Seeing double

Pairings and couplings are a significant feature of Vasari’s Battle of Marciano fresco. In a previous posts I pointed out the pairing of Dante Alighieri and Virgil, his guide through the Divine Comedy’s first two parts, Inferno and Purgatorio. 

Giorgio Vasari (above) doubling as Baccio Bandinelli (below).

Another pairing is the artist himself, Giorgio Vasari, the knight featured in the bottom right corner of the frame with his head turned to the viewer. He applied a second identity to the figure, the sculptor and painter Baccio Bandinelli; the connection being that Vasari was once a pupil in Bandinelli’s workshop.

In his book of the Lives of the Most Excellent Painters, Sculptors and Artists, Vasari tells of the time when the young Bandinelli, bore hatred toward another sculptor and painter, Michelangelo:

“It was at this time that the cartoon of Michael Angelo in the Council Hall was uncovered [depicting the Battle of Cascina], and all the artists ran to copy it, and Baccio among others. He went more frequently than any one, having counterfeited the key of the chamber. In the year 1512, Piero Soderini was deposed and the house of Medici reinstated. In the tumult, therefore, Baccio, being by himself, secretly cut the cartoon into several pieces.

“Some said he did it that he might have a piece of the cartoon always near him, and others that he wanted to prevent other youths from making use of it; others again say that he did it out of affection for Lionardo da Vinci, or from the hatred he bore to Michael Angelo. The loss anyhow to the city was no small one, and Baccio’s fault very great.”

Seemingly Michelangelo never forgot this act of vandalism and Bandinelli’s continued malice against him and others. Years later, when Michelangelo was commissioned to paint the Last Judgement in the Sistine Chapel, he made sure that Bandinelli’s “crime” was recorded in the fresco, and in a similar way Vasari later represented his tutor as a second identity applied to a single figure.

In a previous post I explained how Michelangelo referenced his feud with Leonardo da Vinci. I wrote:

“…Michelangelo never actually put paint on the wall, although he did complete cartoons in preparation, as he was summoned by Pope Julius II to come to Rome and paint the Last Judgement. Leonardo did start to paint but encountered technical difficulties with the materials he used. It is said that because the paint or wall coating was mixed with a wax substance parts of the fresco eventually started to slide down the wall. Leonardo abandoned the project and returned to Milan.

Michelangelo was more than aware of Leonardo’s misfortune and continued the feud by referencing in a most unusual and abiding way in the Last Judgment fresco what had happened to his adversary.
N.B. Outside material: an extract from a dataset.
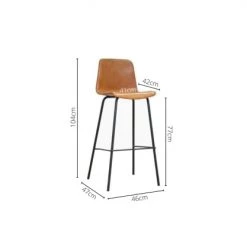 Meubles & Design Chaises Et Tabourets De Bar Tabouret De Bar 77cm éco Cuir Camel -Bancs Soldes tabouret de bar 77cm eco cuir camel 2
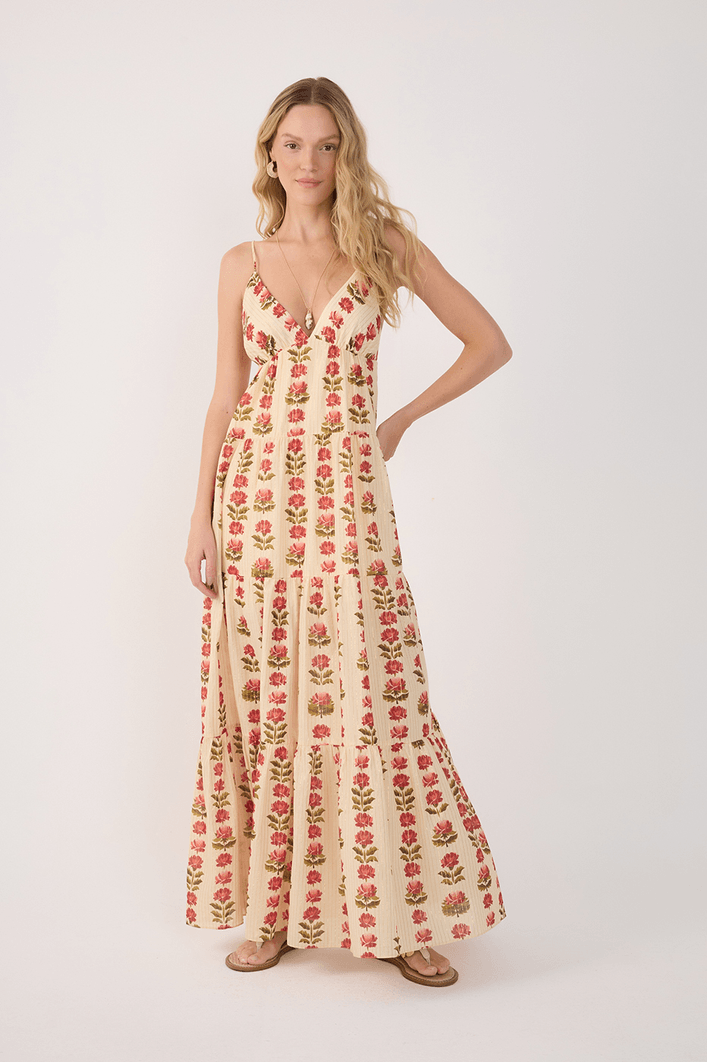 Vestido Longo Lurex Estampa Camélia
Seated on a cloud at the feet of Christ is the bulky figure of St Bartholomew. He is one of many muscular men in the scene. Leonardo didn’t have a good word to say about Michelangelo’s figures. He once described them as looking like sacks of walnuts. Hence Bartholomew holding his flayed carcass, devoid of body parts and looking like an empty sack of walnuts. Michelangelo even went to the extent of painting his own face on the carcass, distorted and seemingly slipping downwards. An obvious reference to Leonardo’s failed fresco sliding down the wall and a retort to the cutting remark made two decades before about muscles and walnuts!”

Michelangelo also likened the carcass to the cartoon he prepared and laid over the wall on which he was commissioned to paint the Battle of Cascina, later mutilated and cut into pieces by Bandinelli. So how does this connect to the figure of St Bartholomew? Bandinelli’s birth name was Bartolomeo (Bartholomew) Brandini.

A further connection made by Michelangelo was the second identity given to the figure of Bartholomew, that of Pietro Aretino, an influential writer and critic, and a “lover of men” who declared himself a sodomite since birth. Considered by some to be a blackmailer, he criticised the Last Judgement fresco in an open letter dated November 1545, and reminded Michelangelo he had promised to send him some of his drawings. This request may have been made in an earlier letter sent in January 1538. Michelangelo completed the Last Judgement in 1441.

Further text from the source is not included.